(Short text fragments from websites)
-=-=-=-=-
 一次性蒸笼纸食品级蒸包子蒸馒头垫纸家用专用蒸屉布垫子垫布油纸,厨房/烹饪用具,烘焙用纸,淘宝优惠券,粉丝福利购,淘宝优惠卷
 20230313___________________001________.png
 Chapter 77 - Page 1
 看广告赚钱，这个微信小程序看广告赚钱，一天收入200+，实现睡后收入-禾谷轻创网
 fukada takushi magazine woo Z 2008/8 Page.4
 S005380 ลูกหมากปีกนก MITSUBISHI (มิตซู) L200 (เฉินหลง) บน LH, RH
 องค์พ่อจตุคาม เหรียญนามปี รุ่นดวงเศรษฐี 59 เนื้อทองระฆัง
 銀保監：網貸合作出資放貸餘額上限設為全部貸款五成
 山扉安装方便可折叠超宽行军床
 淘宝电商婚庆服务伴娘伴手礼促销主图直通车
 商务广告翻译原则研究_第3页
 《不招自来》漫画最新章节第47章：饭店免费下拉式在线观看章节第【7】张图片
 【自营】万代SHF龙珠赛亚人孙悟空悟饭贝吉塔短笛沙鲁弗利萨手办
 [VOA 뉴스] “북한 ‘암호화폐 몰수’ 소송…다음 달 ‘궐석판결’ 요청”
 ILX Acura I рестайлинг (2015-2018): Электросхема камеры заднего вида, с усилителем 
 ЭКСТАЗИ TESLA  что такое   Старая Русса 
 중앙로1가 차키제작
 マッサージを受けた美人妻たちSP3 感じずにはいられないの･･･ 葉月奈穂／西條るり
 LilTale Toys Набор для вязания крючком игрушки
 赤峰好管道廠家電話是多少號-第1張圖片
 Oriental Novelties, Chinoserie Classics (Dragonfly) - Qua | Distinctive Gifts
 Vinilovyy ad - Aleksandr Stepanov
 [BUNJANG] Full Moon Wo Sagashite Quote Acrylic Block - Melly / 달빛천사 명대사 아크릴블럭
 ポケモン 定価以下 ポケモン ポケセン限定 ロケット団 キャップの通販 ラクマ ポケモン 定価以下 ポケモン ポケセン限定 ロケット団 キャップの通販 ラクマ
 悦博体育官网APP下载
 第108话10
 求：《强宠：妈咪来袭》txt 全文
-=-=-=-=-
- [WORK ITEM]:
All of the entries, from the first line to the last, should be duplicated exactly.

- [RESULT FOR THIS TASK]:
 一次性蒸笼纸食品级蒸包子蒸馒头垫纸家用专用蒸屉布垫子垫布油纸,厨房/烹饪用具,烘焙用纸,淘宝优惠券,粉丝福利购,淘宝优惠卷
 20230313___________________001________.png
 Chapter 77 - Page 1
 看广告赚钱，这个微信小程序看广告赚钱，一天收入200+，实现睡后收入-禾谷轻创网
 fukada takushi magazine woo Z 2008/8 Page.4
 S005380 ลูกหมากปีกนก MITSUBISHI (มิตซู) L200 (เฉินหลง) บน LH, RH
 องค์พ่อจตุคาม เหรียญนามปี รุ่นดวงเศรษฐี 59 เนื้อทองระฆัง
 銀保監：網貸合作出資放貸餘額上限設為全部貸款五成
 山扉安装方便可折叠超宽行军床
 淘宝电商婚庆服务伴娘伴手礼促销主图直通车
 商务广告翻译原则研究_第3页
 《不招自来》漫画最新章节第47章：饭店免费下拉式在线观看章节第【7】张图片
 【自营】万代SHF龙珠赛亚人孙悟空悟饭贝吉塔短笛沙鲁弗利萨手办
 [VOA 뉴스] “북한 ‘암호화폐 몰수’ 소송…다음 달 ‘궐석판결’ 요청”
 ILX Acura I рестайлинг (2015-2018): Электросхема камеры заднего вида, с усилителем 
 ЭКСТАЗИ TESLA  что такое   Старая Русса 
 중앙로1가 차키제작
 マッサージを受けた美人妻たちSP3 感じずにはいられないの･･･ 葉月奈穂／西條るり
 LilTale Toys Набор для вязания крючком игрушки
 赤峰好管道廠家電話是多少號-第1張圖片
 Oriental Novelties, Chinoserie Classics (Dragonfly) - Qua | Distinctive Gifts
 Vinilovyy ad - Aleksandr Stepanov
 [BUNJANG] Full Moon Wo Sagashite Quote Acrylic Block - Melly / 달빛천사 명대사 아크릴블럭
 ポケモン 定価以下 ポケモン ポケセン限定 ロケット団 キャップの通販 ラクマ ポケモン 定価以下 ポケモン ポケセン限定 ロケット団 キャップの通販 ラクマ
 悦博体育官网APP下载
 第108话10
 求：《强宠：妈咪来袭》txt 全文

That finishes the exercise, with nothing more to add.